Selon une estimation réalisée en 2008 par les services géologiques américains (USGS), le sous-sol marin arctique pourrait receler 90 milliards de barils de brut, 1.700 milliards de pieds cubes de gaz naturel et 44 milliards de barils de condensats. Considérable !

A la demande du Pew Trust américain, les consultants Nuka Research et Pearson Consulting ont étudié les impacts potentiels de l’exploration pétrolière dans les mers de Beaufort et des Tchouktches, deux mers bordant l’océan Arctique. Leur rapport est plus qu’inquiétant.

Une marée noire survenant dans cette région serait bien plus difficile à juguler qu’au large de la Louisiane. Le port le plus proche, Dutch Harbor, est situé à plus de 2.000 kilomètres de la zone. Et la base de garde-côte la moins éloignée est tout de même située à 1.500 km. En cas d’accident, les secours mettront beaucoup de temps à intervenir. Et leur travail sera gêné par la présence d’icebergs. Les vents soufflant dans la région sont extrêmement puissants et soulèvent de très fortes tempêtes.

De telles conditions rendront probablement inopérant l’usage des dispersants, utilisés massivement contre les rejets de la plate-forme de BP. Par ailleurs, la région, dont le climat est l’un des plus froids de la planète, est plongée dans l’obscurité totale 6 semaines par an. Les basses températures réduisent aussi la capacité du milieu marin à dégrader le pétrole.
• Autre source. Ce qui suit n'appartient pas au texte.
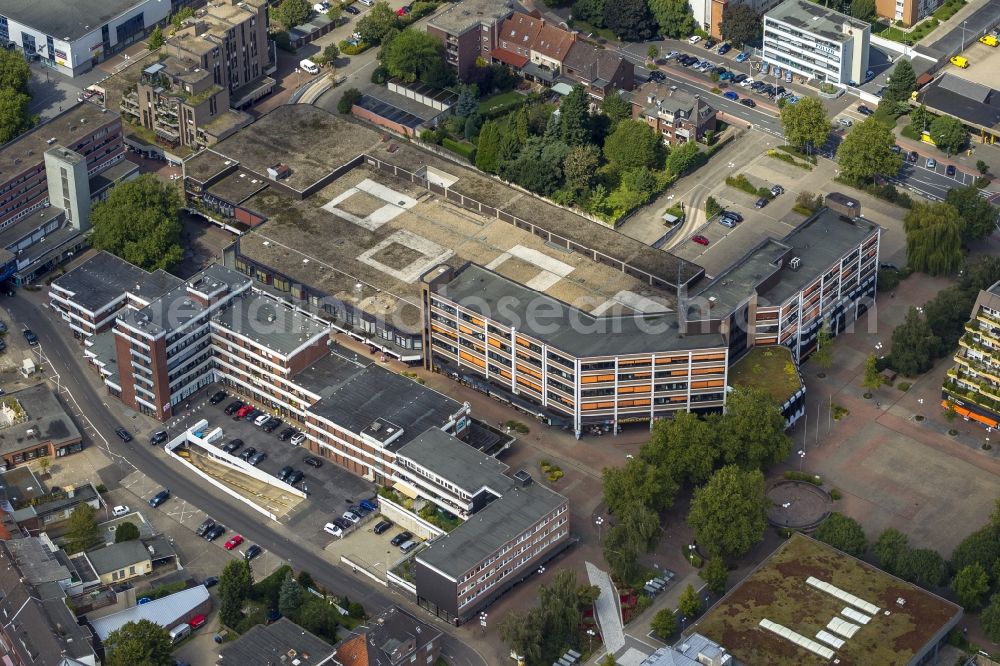 Aerial photograph Kamp-Lintfort - The townhall in Kamp-Lintfort in the street Am Rathaus in the state North Rhine-Westphalia. In the building the city library is also located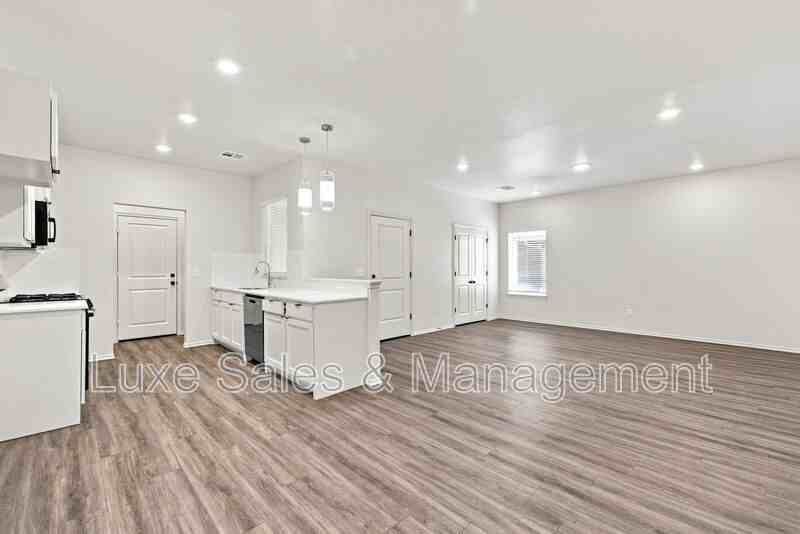 10912 Oak Hollow Dr - Photo 4 of 20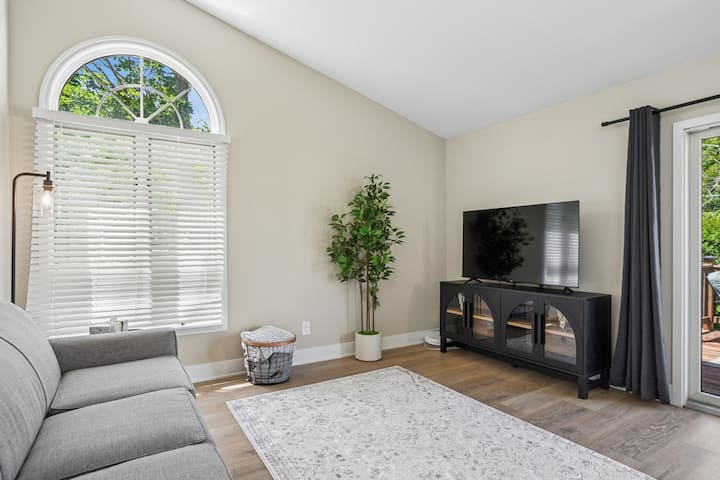 Sleeps 7 | King Suite | Bar +Game Room | Bunk Beds - Ankeny, IA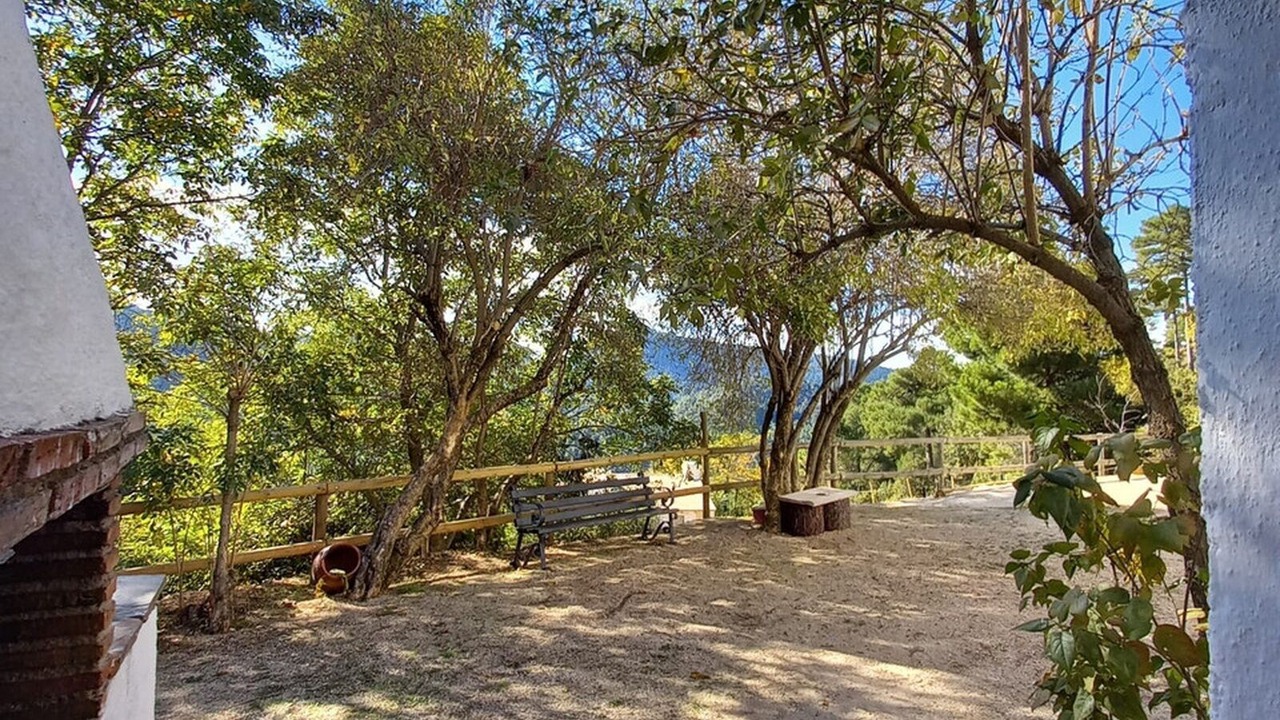 Photo of Outdoor in Siles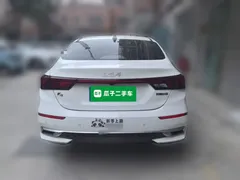 2021 Kia Cerato 1.5L CVT Fashion, белый — фото 3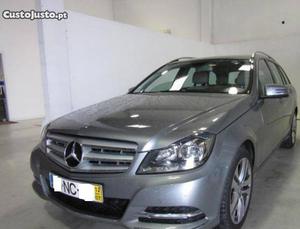 Mercedes-Benz C 220 Station CDI Julho/12 - à venda -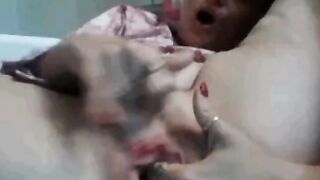 German Amateur Rubs Her Pussy On Webcam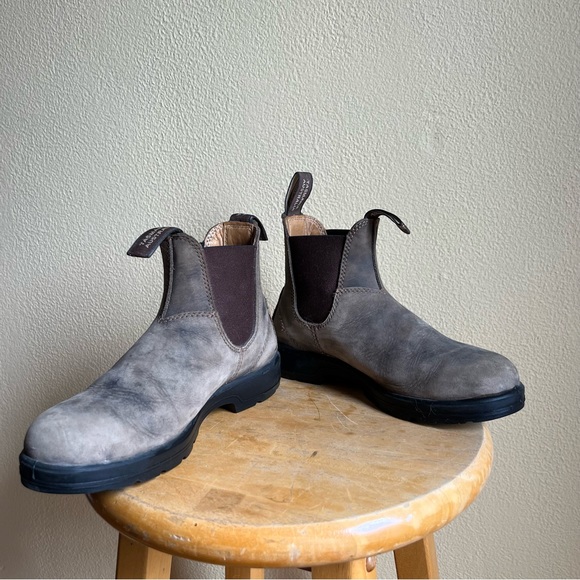 Blundstone Boots - Picture 4 of 8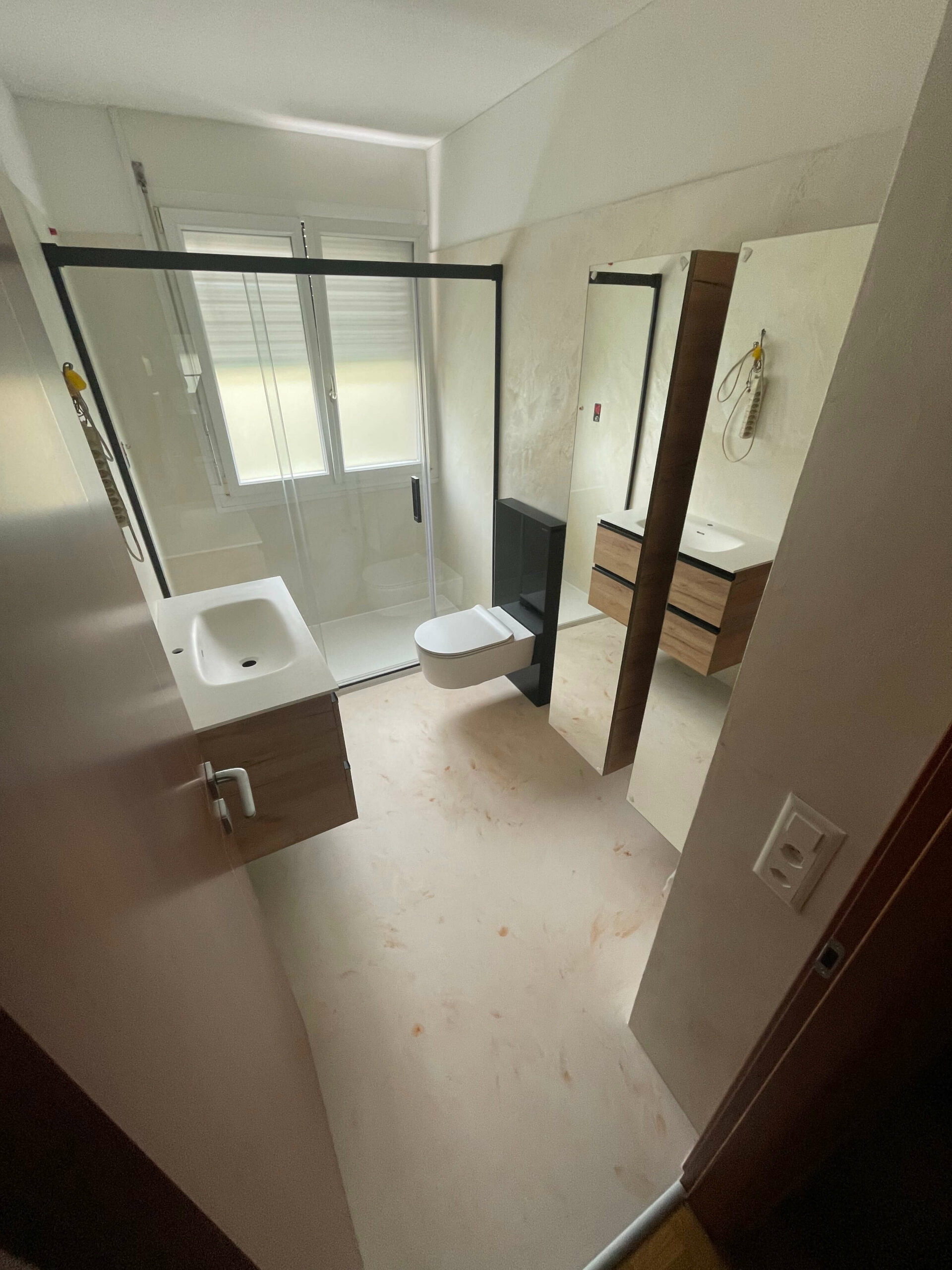 ristrutturazione bagni moderni con wc sospeso, rifiniture scure e doccia in vetro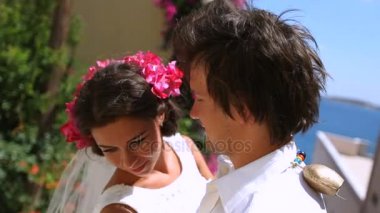 Yeni evli mutlu genç çift balayı sırasında denizin tadını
Bref, estime le Pew Trust, le développement de la production d’hydrocarbures dans cette région hostile n’est pas souhaitable, tant pour l’environnement que pour des questions de sûreté. Cette conclusion ne devrait pas convenir à la Shell qui entend se voir accorder par l’administration Obama l’autorisation d’explorer les sous-sols de la mer de Beaufort.